EPA also developed an alternative non-animal testing framework for identifying skin irritation and corrosion hazards in chemicals that describes the agency's preference for studies for using alternatives to testing in live rabbits. This new framework supports EPA's mandate under the Toxic Substances Control Act to identify and develop alternatives to animal testing.

Leading On NAMs

In 2019, during the first Trump Administration, EPA issued a memo laying out the bold goal of completely eliminating all mammalian study requests and funding by 2035, including those performed by third parties. This goal is supported by recent scientific trends and technological advances and the wishes of Congress. The 2016 amendments to TSCA added an explicit requirement for EPA to promote the development and incorporation of methods that reduce or replace the use of vertebrate animals in agency scientific testing, otherwise known as New Approach Methods (NAMs).

NAMs refers to technologies, methodologies, or approaches that can be used instead of vertebrate animal testing to inform chemical hazard and risk assessments. These include in vitro tests, in chemico assays, and in silico models. NAMs are functionally equivalent to "alternatives" to mammal testing.

The Trump EPA is well positioned to use NAMs to reduce animal testing requirements when appropriate under existing law and scientifically defensible.
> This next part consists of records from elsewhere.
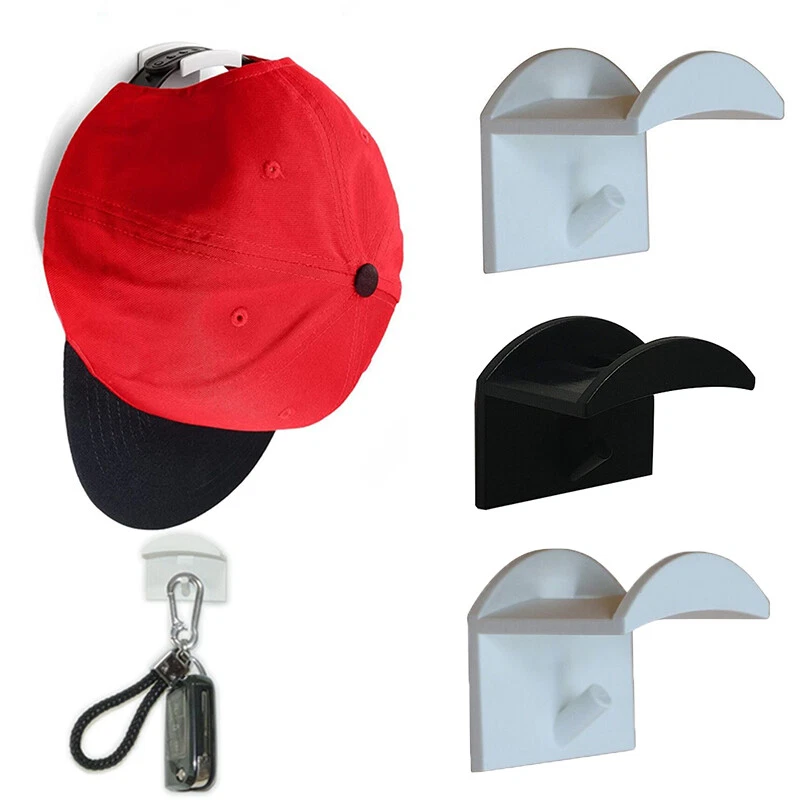 XiangJunly 5 Pièces Porte Casquette, Organisateur de Support pour Casquette  de Baseball, Porte Chapeaux Mural pour Rangement Casquettes Serviettes  Chapeaux Echarpes, avec Crochet Adhésif (noir) : : Cuisine et  Maison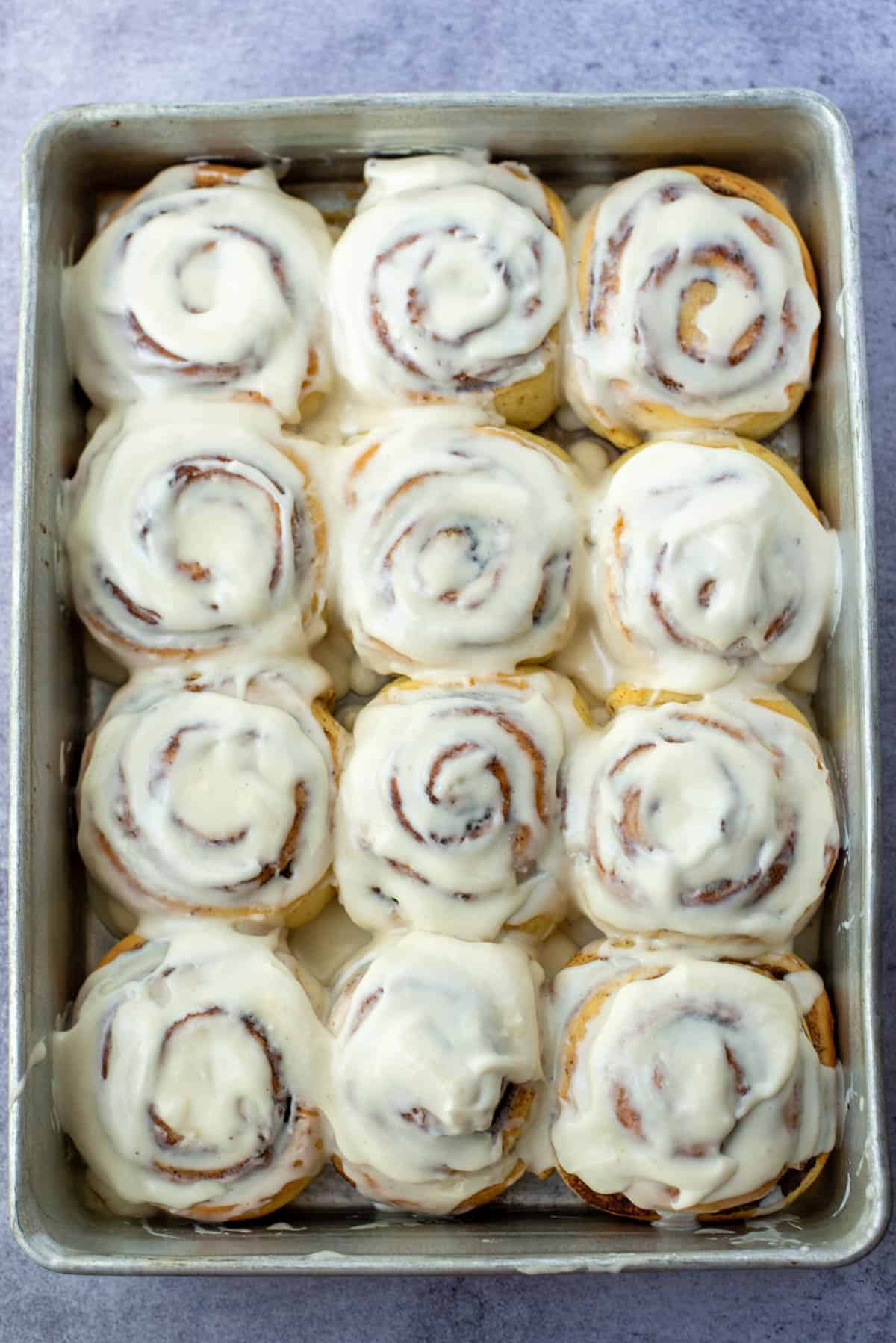 12 frosted cinnamon rolls in 9x11 pan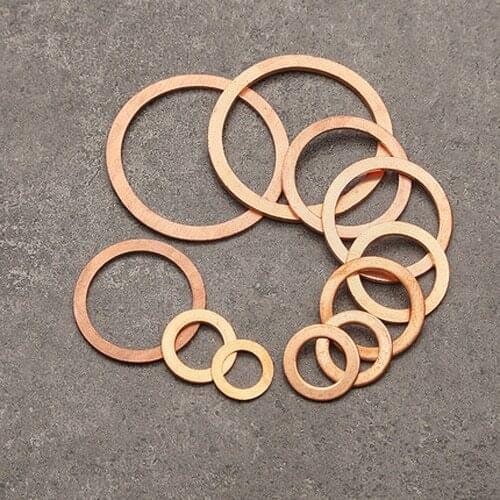 M7 M7.5 Copper washer Marine table gasket ring Pressure gauge gaskets flat pad meson 9mm-18mm Outside diameter 0.1-3mm thickness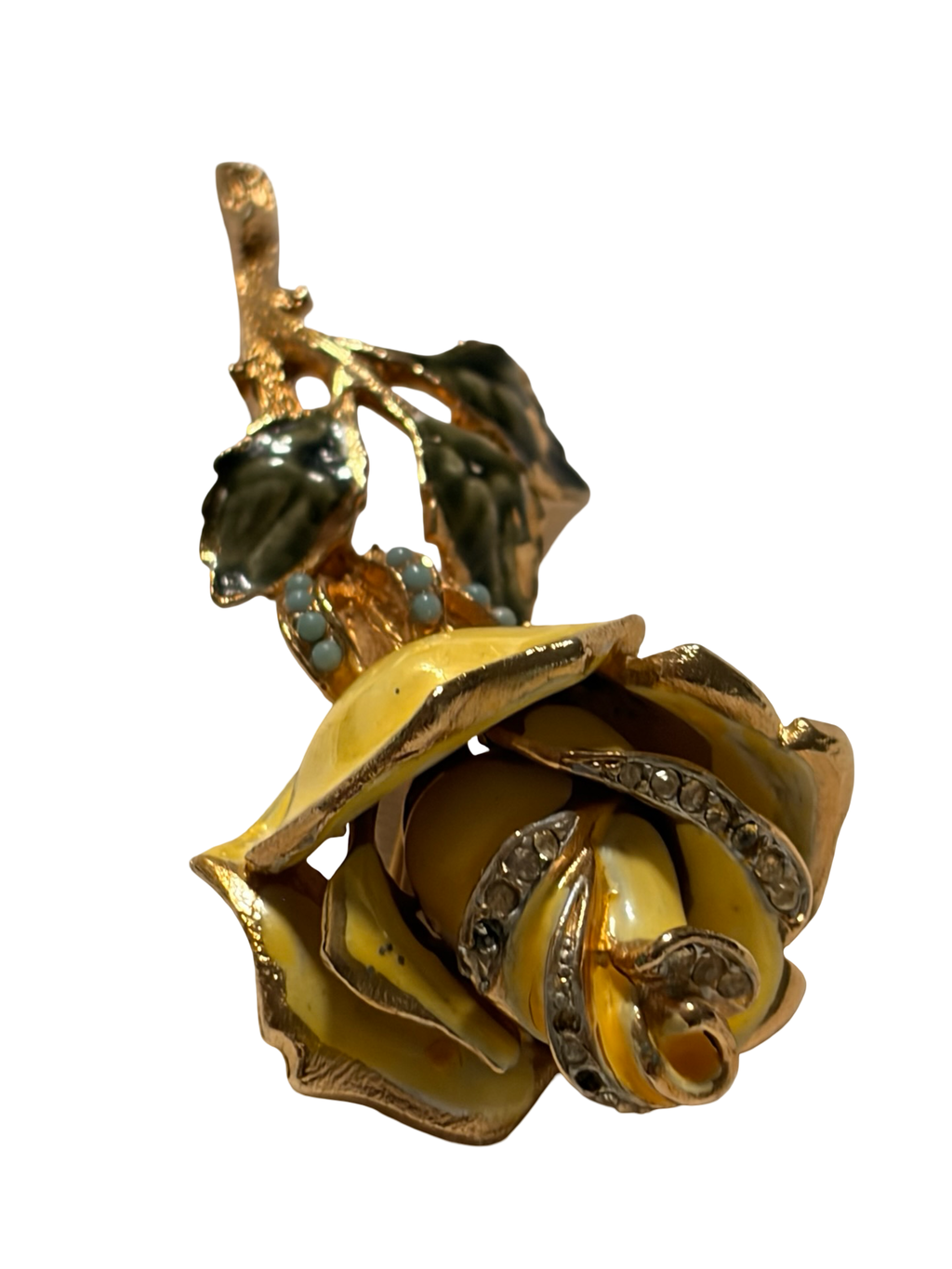 Vintage Yellow Enamel Rose Brooch Gold Tone Rhinestone Floral Pin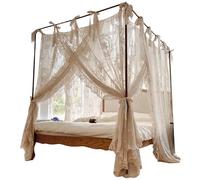 Pesoncarl Bed Canopy, 4 Corner Post Canopy Bed Curtains, Romantic Lace Mosquito Net for 1.5m/4.92ft Beds, Beige(Frame Not Included), pool
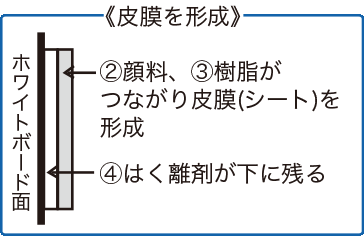 顔料と樹脂がつながって皮膜を形成し、はく離剤が下に残る様子を示した断面イラスト
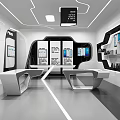 Modern Hi tech Exhibition Hall Design With Display Screens Sleek Counters And LED Lighting 3d model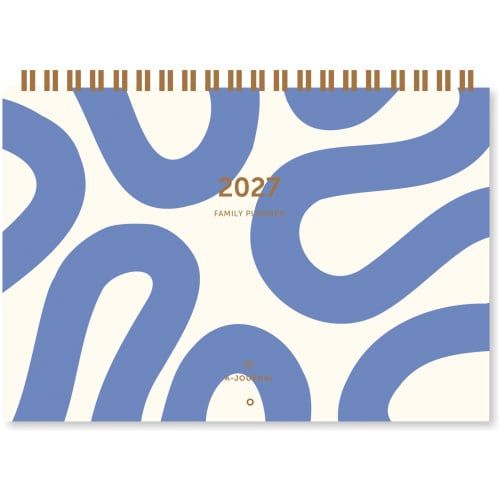 A-journal | Family planner 2027 - flow blue - for 5 family members and weekly overviews
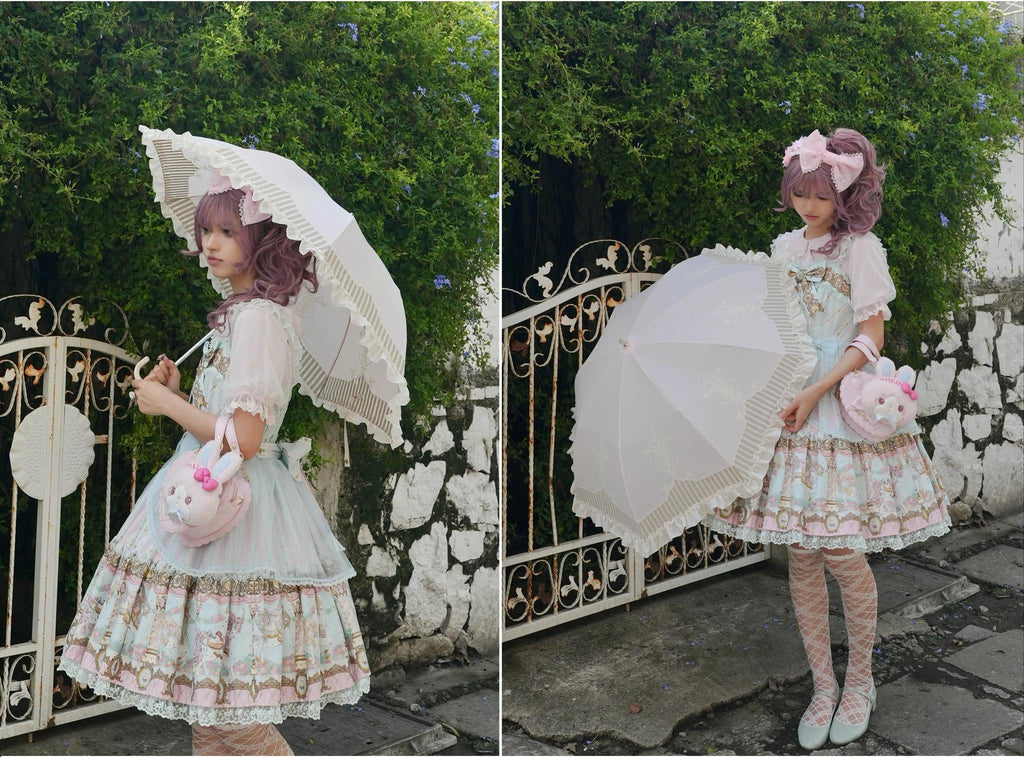 Lyre Academy - Classic Lolita 2-Fold Parasol, Lyre Print and Embroidered Trim - image 24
While animal testing has played a role in scientific advancement, NAMs offer many potential benefits over traditional animal testing methods:

  • NAMs can provide more relevant, rapid, and cost-effective information for evaluating human adverse outcomes than findings in laboratory animals. 
  • Studies based on animal testing are not always reproducible, while NAM-based scientific tests are repeatable and reproducible.
  • NAMs position EPA to do even more gold standard science, allowing the agency to gather and make decisions based on test endpoints, life stages, disease states, and health outcomes that cannot be done in laboratory animals.

OCSPP is committed to using a three-pronged strategy to ensure the agency stays on track with phasing out animal testing and meeting President Trump's 2035 goal:

  1. Identify NAMs that can currently be used as an alternative to traditional animal testing.
  2. Conduct a comprehensive review of agency guidance and the Code of Federal Regulations to provide flexibility in fulfilling data requirements for toxicity assessments and issuing waivers to further reduce animal testing requirements.
  3. Encourage external researchers and data providers to use NAMs and apply for animal testing waivers whenever possible.

The scientific community is moving away from animal testing, and huge advances in developing NAMs have been made in recent years and are expected to accelerate. The Trump EPA will work to be at the forefront of developing and incorporating advances in NAMs into its scientific framework to ensure agency assessments and scientific work uses high quality, gold standard science.